Patient Compensation Funds
Several states have set limits per year and per claim on the amount of liability of health care provider can incur. Compensation in excess of the limit is provided by a state-operated patient compensation fund. Funding for the PCF typically comes from a surcharge on malpractice insurance premiums, as in Indiana, or from general state revenues, such as in Kansas. In some states, the Patient Compensation Funds liability is limited, but in others, it is open-ended. This is another mechanism for indirectly cross-subsidizing physicians with relatively high claims costs. Several Patient Compensation Funds have had difficulty maintaining solvency, and states appear to be moving away from the Patient Compensation Funds approach.
Joint Underwriting Association
As a reaction to the malpractice insurance crisis of the mid-1970s, many states authorized joint underwriting associations as a standby on a mandatory basis. In 1987, 13 medical malpractice JUA were offering coverage to health care providers. The 10 active JUA’s in existence for more than a couple of years have market shares ranging from 3 to 80 percent. Where operational, Joint Underwriting Association require participation by at least all insurers that write medical malpractice insurance and frequently by all property-liability insurers that write insurance in the state. The purpose of these organizations is to be the insurer of last resort—that is, to cover providers who cannot obtain coverage from other sources. One carrier operates the pool on behalf of the state, collecting premiums and paying claims. Joint Underwriting Association operate as mandatory assigned risk pools similar to risk pools established for automobile insurance. As documented, the Joint Underwriting Association insure a substantial proportion of physicians in a few states. As of 1988, 12 Joint Underwriting Association offered coverage to health care providers.
If joint underwriting associations premium income is insufficient to cover losses and expenses, each member company is assessed pro rata to make up the shortfall. To this extent, there is an enforced cross-subsidy that, in competitive insurance markets, must be recovered from the insurer members’ customers in some way. The cross-subsidy introduces another “residual claimant,” namely, the beneficiary of the cross-subsidy. This claimant is paid before the owners of member insurers. Suppliers of equity to a stock company will not want to supply capital for less than the competitive, medicare risk adjustment rate of return. Thus, the cross-subsidy must be reflected in higher premiums to regular customers, who in a state with a joint underwriting associations have no regularly insured source of coverage that does not bear the “JUA tax.” In the case of insurance ownership like mutuals or reciprocals, the policyholder and equity holder roles are combined. Then it is the combined policyholder-equity holder that bears the tax. Since the tax is typically spread over many types of insurance, most of the burden is borne by the public at large.
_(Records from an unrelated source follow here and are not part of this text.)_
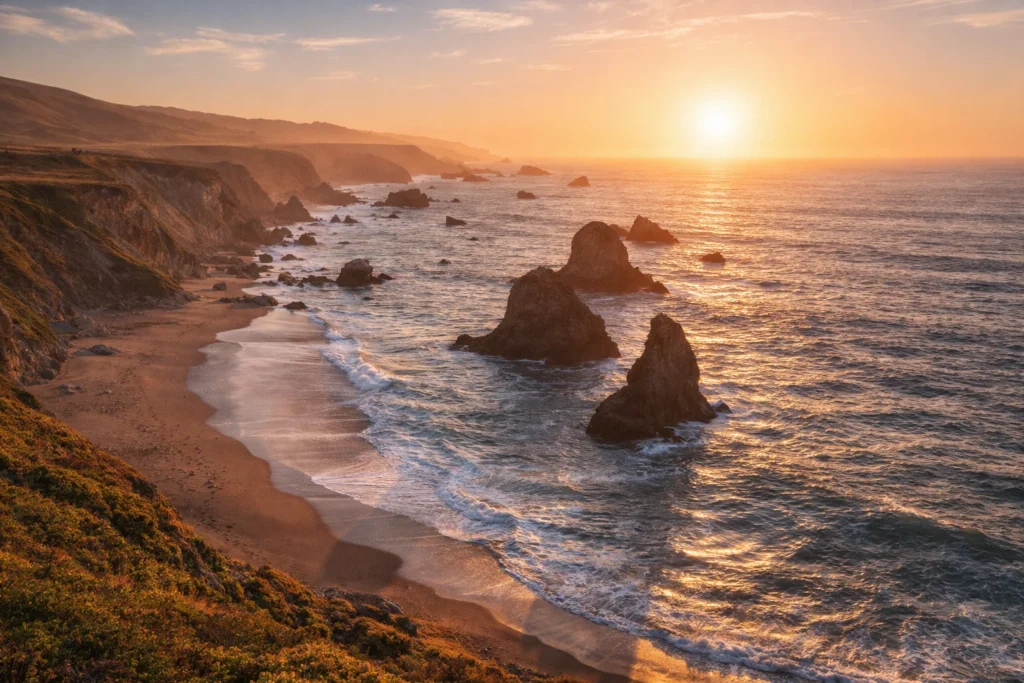 Sonoma Coast State Park in California with rugged coastal cliffs sandy beach sea stacks and Pacific Ocean at sunset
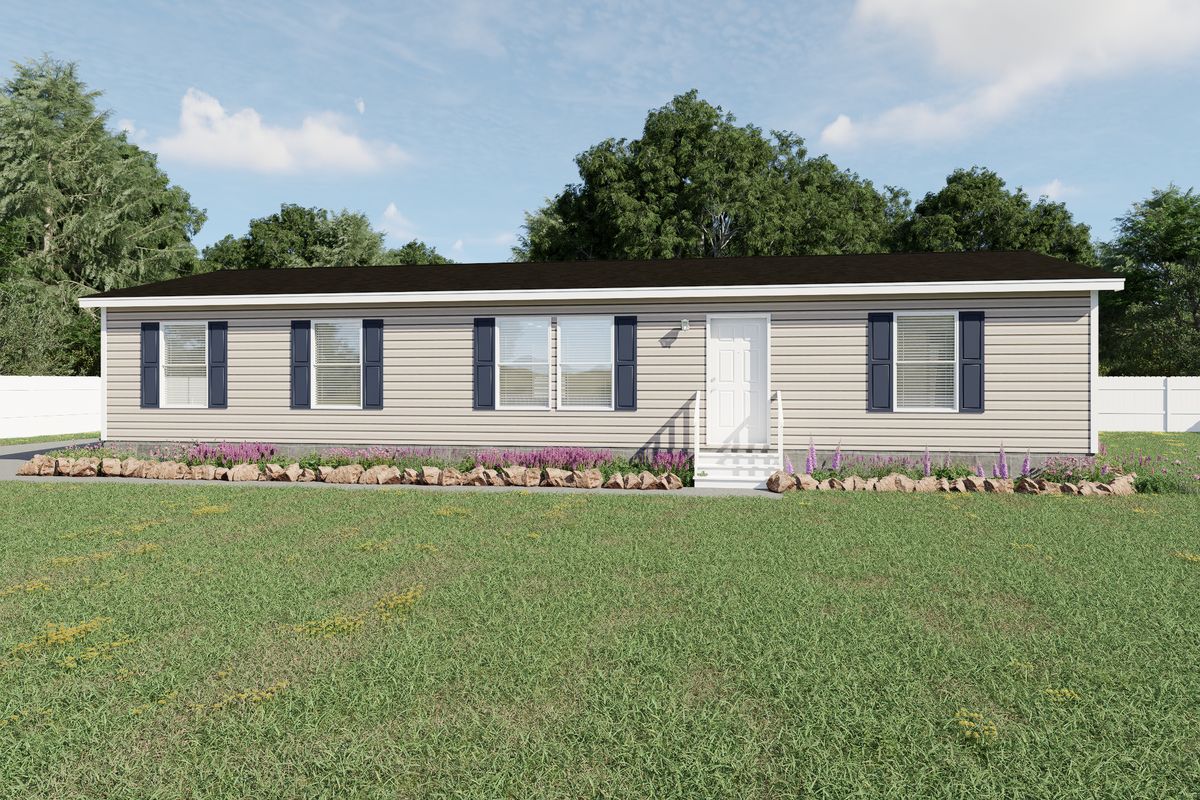 The 5628-CC52 COMPASS 56 Exterior. This Manufactured Mobile Home features 3 bedrooms and 2 baths.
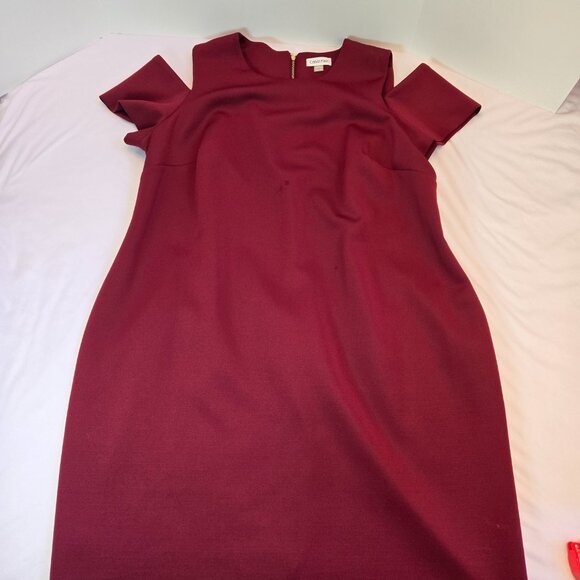 CALVIN KLEIN Women's Cold Shoulder Knee Length Pencil Dress Sz: 20W Red/Maroon - Picture 9 of 14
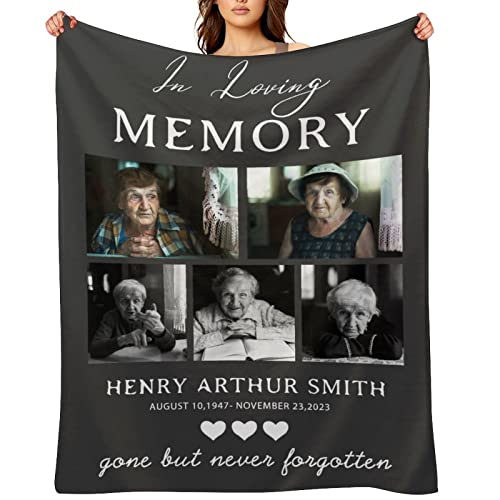 Artsadd Personalized Blanket in Loving Memory of Mother Father, Custom Throws with Picture Text Name, Memorial Gift for Loss of Loved One,Remembrance Gift - color: Design 5
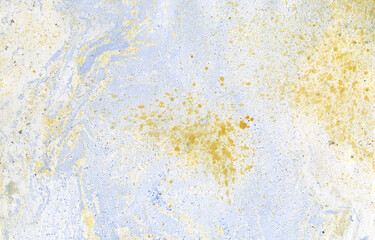 Abstract background with gray and yellow splashes of color. Blue and yellow background in pastel colors.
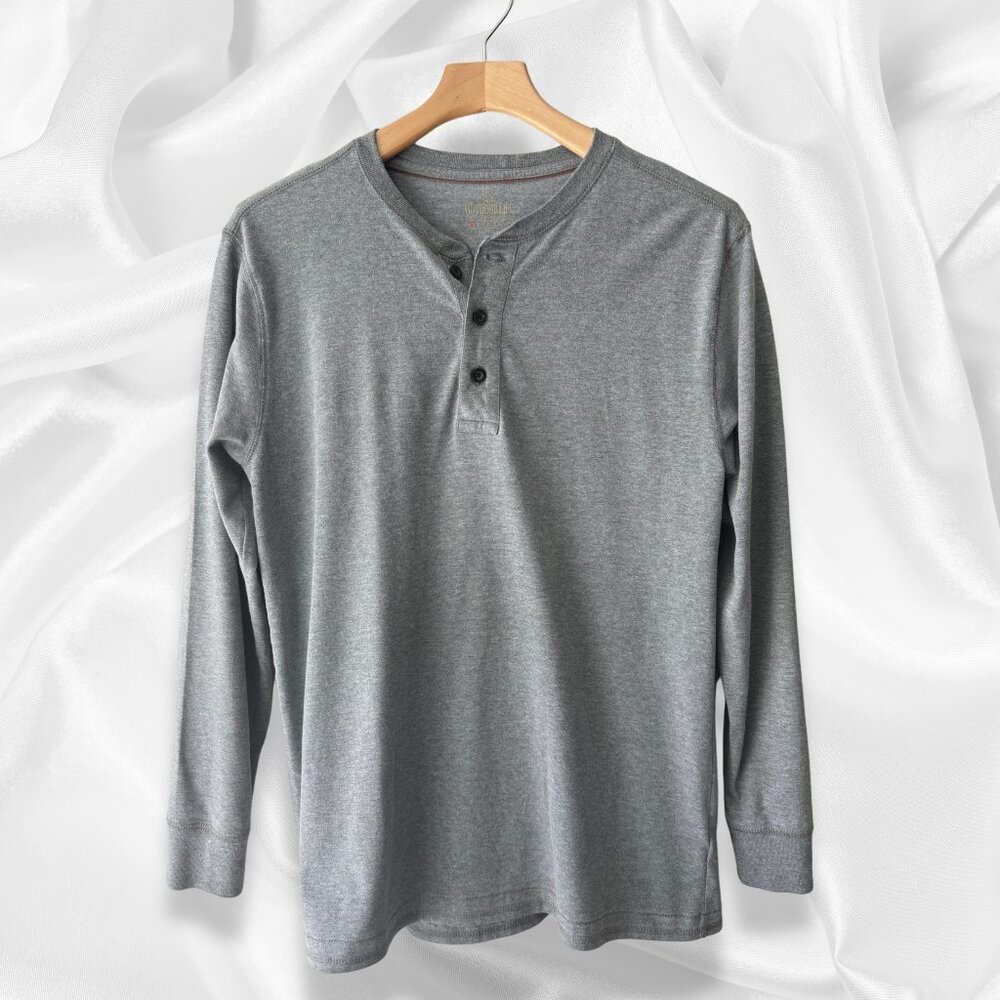 Outdoor Life Gray Wilderness Sueded Henley Long Sleeve‎ Casual Men's Size M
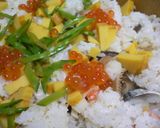 A picture of step 5 of Chirashizushi with Leftovers from Osechi.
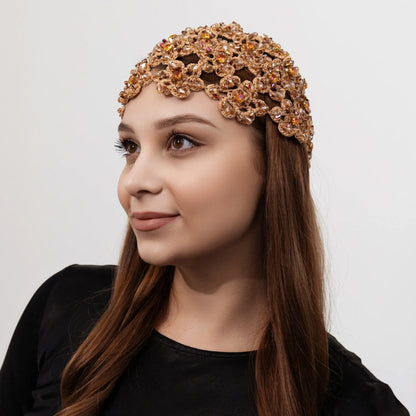 Flower beanie Amanda with beads &amp; rhinestones caramel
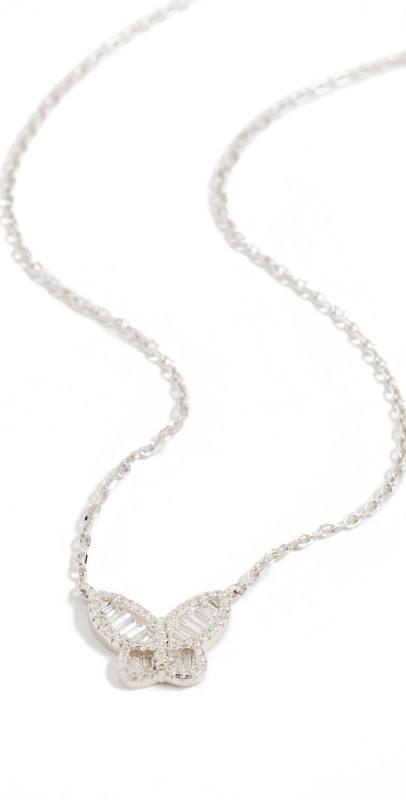 By Adina Eden Small Pave X Baguette Butterfly Necklace Silver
The stated purpose of Joint Underwriting Association is to assure availability of malpractice insurance coverage to health care providers at “affordable levels”. Thus, by design, the Joint Underwriting Association often sets premiums below what the market will bear. Premiums are monitored by a combination of “pressure from physicians” and premium regulation. In states where Joint Underwriting Association have become major malpractice insurers, it appears that physicians have taken advantage of an enforced alberta blue cross premium subsidy. Most Joint Underwriting Association are not allowed to withdraw from the market even in response to rate denials by the state insurance department. As of 1986, a number of Joint Underwriting Association had serious deficiencies in their reserves.